During the last ice age, the landscape of the American West was very different. Where now there are deserts and salt flats in the Southwest and Great Basin regions, there once were giant lakes and wetlands. The Great Salt Lake, for example, is a tiny remnant of the prehistoric Lake Bonneville, which at one time covered almost 20,000 square miles.
Now, a team of environmental scientists and geologists has found that the water that filled those ancient lakes probably came from an unexpected source. During the last ice age, powerful spring and summer storms poured into the region from the tropical Pacific, a system that contributes almost no moisture to the region today. As the glaciers receded, that moisture source was cut off and the lakes eventually dried.
The findings, published Thursday, Sept. 27, 2012, in the journal Science, paint a new picture of how rainfall patterns in the American West changed over the last 20,000 years, and underscore the unanticipated ways in which climate change can alter rainfall, the researchers say.
Mitchell Lyle, a geologist at Texas A&M, led the research. Timothy Herbert, professor and chair of geological sciences at Brown, supplied geological reconstructions of sea surface temperature crucial to reaching these new conclusions. Herbert spoke about the work with science writer Kevin Stacey.
How does this study change what we know about the climate history of the Southwest and Great Basin?

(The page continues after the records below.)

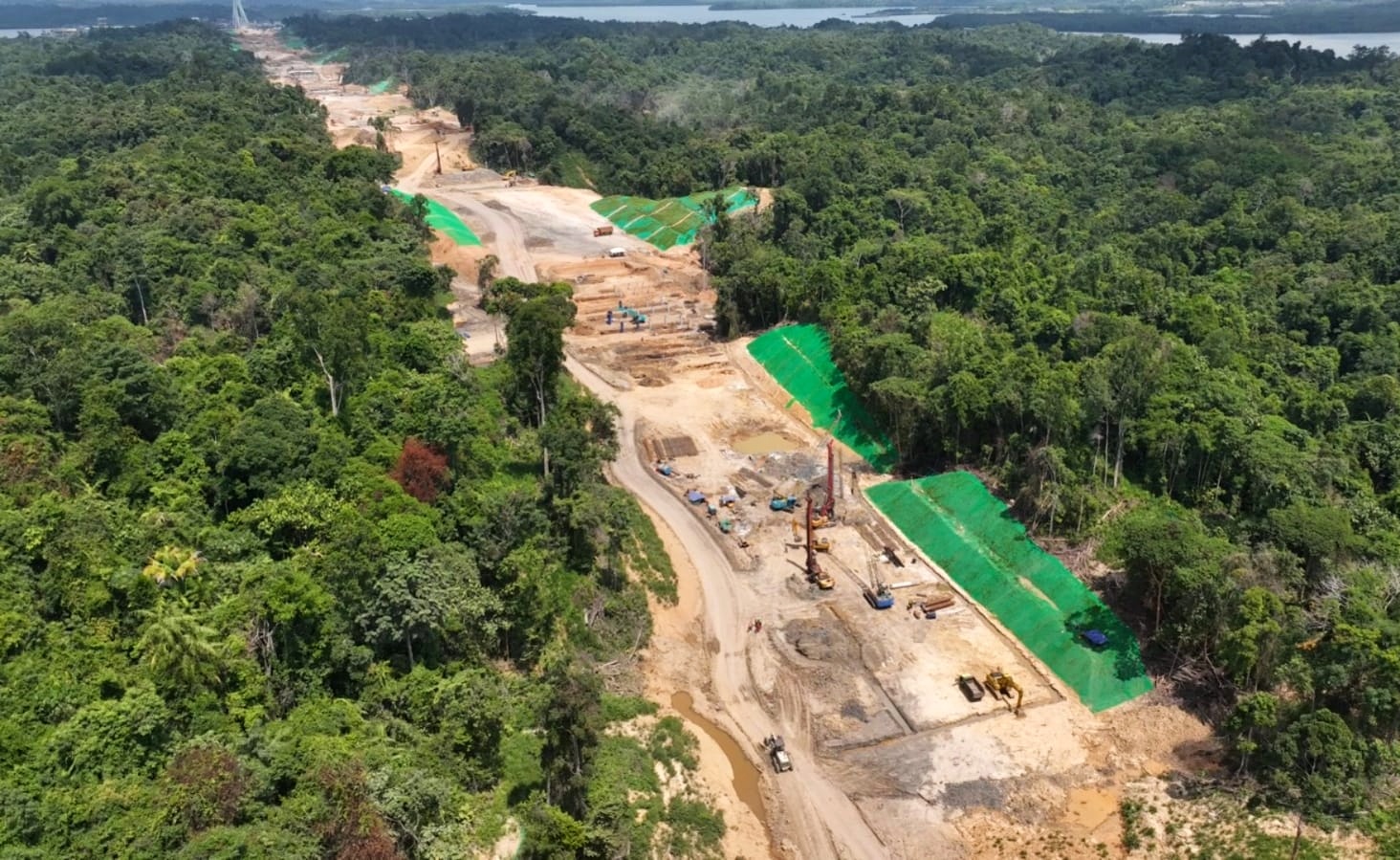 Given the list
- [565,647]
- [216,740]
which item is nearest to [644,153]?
[565,647]

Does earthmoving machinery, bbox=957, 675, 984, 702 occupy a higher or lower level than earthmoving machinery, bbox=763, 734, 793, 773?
higher

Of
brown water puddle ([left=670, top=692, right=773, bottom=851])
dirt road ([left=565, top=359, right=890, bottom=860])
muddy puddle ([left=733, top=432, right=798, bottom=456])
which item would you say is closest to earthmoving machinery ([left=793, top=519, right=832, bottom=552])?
dirt road ([left=565, top=359, right=890, bottom=860])

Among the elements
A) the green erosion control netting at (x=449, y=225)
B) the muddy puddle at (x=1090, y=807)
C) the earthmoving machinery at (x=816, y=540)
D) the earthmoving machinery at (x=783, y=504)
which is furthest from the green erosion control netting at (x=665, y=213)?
the muddy puddle at (x=1090, y=807)

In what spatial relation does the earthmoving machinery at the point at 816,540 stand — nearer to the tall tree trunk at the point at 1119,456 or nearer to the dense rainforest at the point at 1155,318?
the dense rainforest at the point at 1155,318

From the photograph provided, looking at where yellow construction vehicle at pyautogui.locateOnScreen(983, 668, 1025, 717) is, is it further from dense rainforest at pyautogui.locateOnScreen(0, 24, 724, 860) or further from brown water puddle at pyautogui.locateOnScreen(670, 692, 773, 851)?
dense rainforest at pyautogui.locateOnScreen(0, 24, 724, 860)

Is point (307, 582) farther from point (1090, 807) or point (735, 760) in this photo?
point (1090, 807)

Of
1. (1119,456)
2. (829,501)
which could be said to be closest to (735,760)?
(829,501) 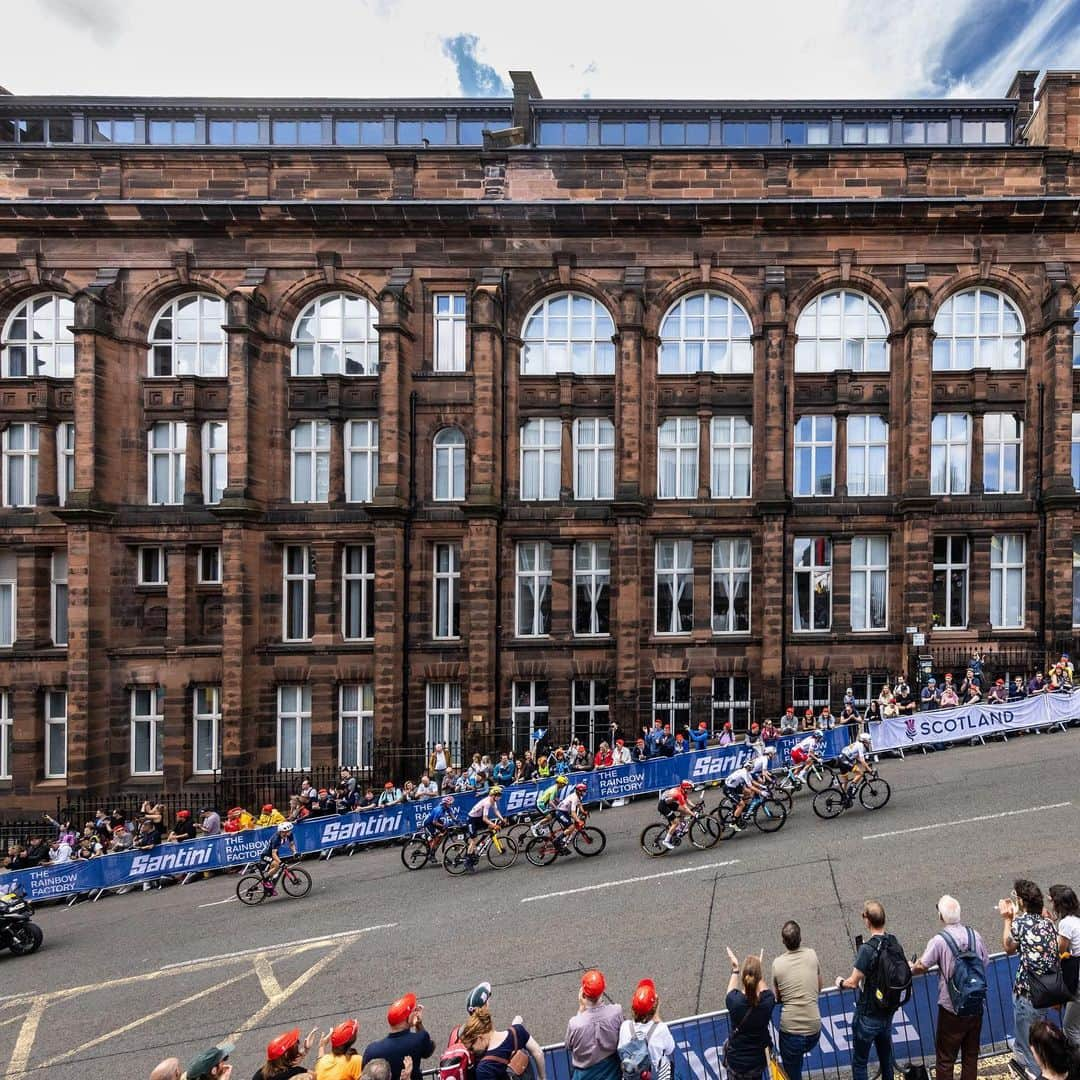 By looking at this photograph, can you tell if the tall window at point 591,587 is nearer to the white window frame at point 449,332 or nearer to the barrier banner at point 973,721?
the white window frame at point 449,332

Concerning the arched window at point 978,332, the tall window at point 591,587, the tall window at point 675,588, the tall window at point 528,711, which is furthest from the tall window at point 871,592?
the tall window at point 528,711

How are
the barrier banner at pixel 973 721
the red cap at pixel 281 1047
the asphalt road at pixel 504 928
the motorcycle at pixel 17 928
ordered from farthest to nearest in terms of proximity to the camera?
the barrier banner at pixel 973 721
the motorcycle at pixel 17 928
the asphalt road at pixel 504 928
the red cap at pixel 281 1047

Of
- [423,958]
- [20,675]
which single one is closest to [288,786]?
[20,675]

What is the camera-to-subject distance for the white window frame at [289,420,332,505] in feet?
70.3

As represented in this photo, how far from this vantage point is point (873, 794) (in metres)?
14.0

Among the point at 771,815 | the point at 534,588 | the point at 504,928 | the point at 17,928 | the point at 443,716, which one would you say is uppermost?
the point at 534,588

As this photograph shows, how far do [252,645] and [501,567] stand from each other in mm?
7667

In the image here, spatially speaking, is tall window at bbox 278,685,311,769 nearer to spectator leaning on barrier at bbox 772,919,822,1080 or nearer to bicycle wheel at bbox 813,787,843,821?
bicycle wheel at bbox 813,787,843,821

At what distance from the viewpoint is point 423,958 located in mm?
9758

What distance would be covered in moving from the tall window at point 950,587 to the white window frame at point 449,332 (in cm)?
1559

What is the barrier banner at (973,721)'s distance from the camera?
56.7ft

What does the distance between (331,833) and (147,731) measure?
9.12 metres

Geologists had already known that it was wetter in the region 20,000 years ago and then dried out. We’re looking more at why it happened, and this is a new explanation. The traditional hypothesis was that these old lakes were supplied with water from westerly storms. The way things are set up today, there’s a big area of high-pressure circulation over the eastern tropical pacific, and a big area of low pressure in the Gulf of Alaska. Storm tracks come off the low-pressure area, and that’s what keeps Oregon, Washington State, and British Columbia wet. Every now and then, the tracks move south a bit, and you get rain in California. The high pressure is why you have deserts and an arid Mediterranean climate over most of southern California.

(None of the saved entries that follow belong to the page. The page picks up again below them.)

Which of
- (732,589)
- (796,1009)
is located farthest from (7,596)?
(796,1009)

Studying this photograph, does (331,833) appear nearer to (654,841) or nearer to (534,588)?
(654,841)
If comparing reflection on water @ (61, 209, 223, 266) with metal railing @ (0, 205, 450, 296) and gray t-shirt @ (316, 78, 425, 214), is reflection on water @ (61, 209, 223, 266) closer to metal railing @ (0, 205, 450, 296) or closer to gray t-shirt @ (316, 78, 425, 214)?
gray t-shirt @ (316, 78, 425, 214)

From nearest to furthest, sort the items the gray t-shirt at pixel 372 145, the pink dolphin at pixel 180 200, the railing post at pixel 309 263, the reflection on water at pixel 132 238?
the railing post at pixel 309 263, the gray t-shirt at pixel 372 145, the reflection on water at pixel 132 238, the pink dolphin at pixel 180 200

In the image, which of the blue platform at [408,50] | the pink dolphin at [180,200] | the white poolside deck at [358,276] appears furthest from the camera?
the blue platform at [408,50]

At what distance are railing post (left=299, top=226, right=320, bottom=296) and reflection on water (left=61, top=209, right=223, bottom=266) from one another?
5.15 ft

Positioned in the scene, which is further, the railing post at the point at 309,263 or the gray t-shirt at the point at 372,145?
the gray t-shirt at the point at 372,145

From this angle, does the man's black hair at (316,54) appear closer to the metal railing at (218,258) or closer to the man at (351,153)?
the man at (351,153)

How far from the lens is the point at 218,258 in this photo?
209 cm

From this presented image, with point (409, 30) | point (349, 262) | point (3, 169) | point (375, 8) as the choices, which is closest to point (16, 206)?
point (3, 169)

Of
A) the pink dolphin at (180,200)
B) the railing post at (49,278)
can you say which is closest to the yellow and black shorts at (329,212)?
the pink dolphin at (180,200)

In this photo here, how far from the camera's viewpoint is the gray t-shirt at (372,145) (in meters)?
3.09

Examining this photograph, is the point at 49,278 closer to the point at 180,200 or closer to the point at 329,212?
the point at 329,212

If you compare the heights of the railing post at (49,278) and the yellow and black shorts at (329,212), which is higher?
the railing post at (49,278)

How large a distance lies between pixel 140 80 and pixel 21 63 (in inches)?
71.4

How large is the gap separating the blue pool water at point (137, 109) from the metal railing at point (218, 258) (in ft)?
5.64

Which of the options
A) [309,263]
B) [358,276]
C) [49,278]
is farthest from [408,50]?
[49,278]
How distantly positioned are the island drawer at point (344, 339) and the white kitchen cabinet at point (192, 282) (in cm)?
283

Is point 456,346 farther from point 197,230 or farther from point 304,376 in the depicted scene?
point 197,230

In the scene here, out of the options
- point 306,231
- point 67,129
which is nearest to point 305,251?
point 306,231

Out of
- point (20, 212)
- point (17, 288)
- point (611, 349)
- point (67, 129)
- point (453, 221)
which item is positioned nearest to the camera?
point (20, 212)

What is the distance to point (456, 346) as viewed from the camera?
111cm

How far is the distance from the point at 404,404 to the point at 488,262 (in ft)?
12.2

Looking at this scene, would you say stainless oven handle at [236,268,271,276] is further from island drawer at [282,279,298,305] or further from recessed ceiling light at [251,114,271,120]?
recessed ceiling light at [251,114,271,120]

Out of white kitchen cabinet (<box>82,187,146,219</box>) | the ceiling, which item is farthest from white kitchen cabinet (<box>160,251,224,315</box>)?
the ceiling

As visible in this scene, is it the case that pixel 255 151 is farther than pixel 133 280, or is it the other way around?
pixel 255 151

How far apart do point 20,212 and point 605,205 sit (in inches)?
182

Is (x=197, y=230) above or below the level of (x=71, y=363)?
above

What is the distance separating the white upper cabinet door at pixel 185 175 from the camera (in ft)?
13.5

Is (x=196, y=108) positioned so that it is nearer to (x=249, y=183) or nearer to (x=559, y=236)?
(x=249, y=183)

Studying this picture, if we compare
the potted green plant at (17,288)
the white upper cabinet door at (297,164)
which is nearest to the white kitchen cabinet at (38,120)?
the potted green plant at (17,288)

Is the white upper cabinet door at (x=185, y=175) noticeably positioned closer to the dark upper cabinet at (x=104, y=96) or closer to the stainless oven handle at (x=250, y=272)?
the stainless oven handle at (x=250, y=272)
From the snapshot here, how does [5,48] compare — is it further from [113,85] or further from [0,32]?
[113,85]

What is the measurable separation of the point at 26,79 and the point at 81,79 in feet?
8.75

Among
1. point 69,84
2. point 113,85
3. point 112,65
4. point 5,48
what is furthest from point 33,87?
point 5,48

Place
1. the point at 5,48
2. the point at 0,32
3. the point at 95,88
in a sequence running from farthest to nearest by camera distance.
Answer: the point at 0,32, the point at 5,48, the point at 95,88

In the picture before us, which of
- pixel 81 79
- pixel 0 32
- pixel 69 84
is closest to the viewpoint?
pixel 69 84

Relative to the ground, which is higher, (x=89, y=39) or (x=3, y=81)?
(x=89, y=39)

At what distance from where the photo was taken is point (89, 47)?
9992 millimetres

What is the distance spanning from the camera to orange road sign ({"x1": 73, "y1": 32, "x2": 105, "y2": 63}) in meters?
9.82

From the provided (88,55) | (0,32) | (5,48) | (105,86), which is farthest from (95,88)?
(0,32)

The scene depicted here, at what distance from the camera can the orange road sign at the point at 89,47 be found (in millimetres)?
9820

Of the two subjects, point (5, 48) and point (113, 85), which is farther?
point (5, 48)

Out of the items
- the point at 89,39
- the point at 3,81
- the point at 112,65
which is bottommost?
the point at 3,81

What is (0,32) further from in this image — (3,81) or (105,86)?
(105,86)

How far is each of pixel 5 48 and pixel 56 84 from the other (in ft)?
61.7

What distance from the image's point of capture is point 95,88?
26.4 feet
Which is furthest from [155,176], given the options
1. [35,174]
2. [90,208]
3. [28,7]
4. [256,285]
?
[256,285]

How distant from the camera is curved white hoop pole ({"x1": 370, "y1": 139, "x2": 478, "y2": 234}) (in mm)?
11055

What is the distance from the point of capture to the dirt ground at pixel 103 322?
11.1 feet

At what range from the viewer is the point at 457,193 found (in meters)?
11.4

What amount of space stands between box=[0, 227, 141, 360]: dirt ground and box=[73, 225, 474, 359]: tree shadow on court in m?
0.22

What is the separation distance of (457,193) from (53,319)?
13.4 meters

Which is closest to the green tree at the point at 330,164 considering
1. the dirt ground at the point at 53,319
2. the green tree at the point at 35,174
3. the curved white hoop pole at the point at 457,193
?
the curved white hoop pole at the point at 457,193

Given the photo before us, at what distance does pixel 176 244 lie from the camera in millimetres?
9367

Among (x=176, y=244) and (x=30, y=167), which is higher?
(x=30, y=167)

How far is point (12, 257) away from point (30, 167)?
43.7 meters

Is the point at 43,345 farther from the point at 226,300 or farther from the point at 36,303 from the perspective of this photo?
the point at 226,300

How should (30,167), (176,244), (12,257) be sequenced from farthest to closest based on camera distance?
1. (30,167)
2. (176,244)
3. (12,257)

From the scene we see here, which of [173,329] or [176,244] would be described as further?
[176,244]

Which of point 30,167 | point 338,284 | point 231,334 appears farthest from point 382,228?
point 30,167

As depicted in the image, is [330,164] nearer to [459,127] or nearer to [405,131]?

During the last glacial period, that low pressure would have been further south because colder air had pushed these climate systems toward the equator. That probably made rainfall in southern California more like Washington State is today. It was assumed that moisture from those westerly storms also filled the ancient lakes in the interior Southwest and Great Basin. But what our collaborators were able to pull together very nicely is that while that scenario may explain the rainfall history for southern California, it doesn’t say much about the interior part of the country. We show that even after the low pressure had migrated north and southern California was dry, the Great Basin and Southwest were still wet. The westerly storms aren’t really working as an explanation, so we’ve got to look for a moisture source from the south, which was unanticipated.

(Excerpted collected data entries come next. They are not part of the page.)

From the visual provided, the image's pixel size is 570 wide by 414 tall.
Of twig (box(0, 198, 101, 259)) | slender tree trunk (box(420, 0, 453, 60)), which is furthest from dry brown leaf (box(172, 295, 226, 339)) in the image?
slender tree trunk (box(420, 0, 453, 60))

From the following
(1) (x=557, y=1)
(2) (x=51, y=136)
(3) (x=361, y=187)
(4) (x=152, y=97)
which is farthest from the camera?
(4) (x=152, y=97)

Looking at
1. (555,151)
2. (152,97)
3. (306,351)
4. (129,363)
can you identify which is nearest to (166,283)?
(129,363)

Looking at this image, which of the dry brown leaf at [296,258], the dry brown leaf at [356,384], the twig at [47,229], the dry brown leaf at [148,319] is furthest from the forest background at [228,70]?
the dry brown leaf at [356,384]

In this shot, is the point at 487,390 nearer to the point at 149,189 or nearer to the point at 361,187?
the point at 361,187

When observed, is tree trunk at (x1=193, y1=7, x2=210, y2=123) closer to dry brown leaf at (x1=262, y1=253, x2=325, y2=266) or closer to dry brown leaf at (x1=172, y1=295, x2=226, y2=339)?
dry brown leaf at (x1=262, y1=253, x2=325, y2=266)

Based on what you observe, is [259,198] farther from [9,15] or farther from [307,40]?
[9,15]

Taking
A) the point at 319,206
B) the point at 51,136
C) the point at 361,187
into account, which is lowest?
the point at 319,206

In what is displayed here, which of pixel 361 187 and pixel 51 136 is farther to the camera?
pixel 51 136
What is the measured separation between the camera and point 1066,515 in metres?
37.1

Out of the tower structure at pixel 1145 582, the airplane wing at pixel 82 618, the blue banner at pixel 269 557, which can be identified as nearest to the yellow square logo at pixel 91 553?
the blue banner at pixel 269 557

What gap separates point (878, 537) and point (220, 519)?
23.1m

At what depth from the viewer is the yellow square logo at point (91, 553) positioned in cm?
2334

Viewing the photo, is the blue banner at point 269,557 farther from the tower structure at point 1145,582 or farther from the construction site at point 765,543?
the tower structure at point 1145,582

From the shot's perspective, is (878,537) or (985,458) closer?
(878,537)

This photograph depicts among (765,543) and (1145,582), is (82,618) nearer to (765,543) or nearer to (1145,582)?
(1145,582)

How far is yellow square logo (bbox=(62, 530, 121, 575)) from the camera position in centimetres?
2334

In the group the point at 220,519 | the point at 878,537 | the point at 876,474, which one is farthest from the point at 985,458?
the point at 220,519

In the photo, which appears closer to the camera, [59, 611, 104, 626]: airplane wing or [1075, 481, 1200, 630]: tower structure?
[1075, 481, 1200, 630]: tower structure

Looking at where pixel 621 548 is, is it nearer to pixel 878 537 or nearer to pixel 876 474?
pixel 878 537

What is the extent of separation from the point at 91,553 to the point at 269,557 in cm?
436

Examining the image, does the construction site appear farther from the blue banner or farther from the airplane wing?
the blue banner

What role did your work play in this?
The movement of those high- and low-pressure systems is related to temperatures in the ocean. The temperature data was generated here at Brown. Ocean temperatures more or less allow you to track the westerly storms through time, and then you can compare that with pollen and other data that tell us about climate conditions on land. In this case, the westerlies didn’t explain the patterns in the interior.
How are you able to reconstruct ancient ocean temperatures?
The layers on sea floor have accumulated over time by stuff sinking down from the surface, so we can learn about surface conditions in the past by looking at those layers. The idea is if you jab a tube into the mud and analyze what comes up, you can reconstruct conditions through time. In this case, we can measure time by using carbon-14 dating, so we know pretty well the age we’re dealing with.
We take samples in depths of water that would be on the order of hundreds of meters to a few kilometers below sea level. It’s relatively quiet water, where we don’t have storms and stuff ripping up sediment and moving it around. You have to do this where most of the pages of the book are still there, not where somebody has ripped them all out.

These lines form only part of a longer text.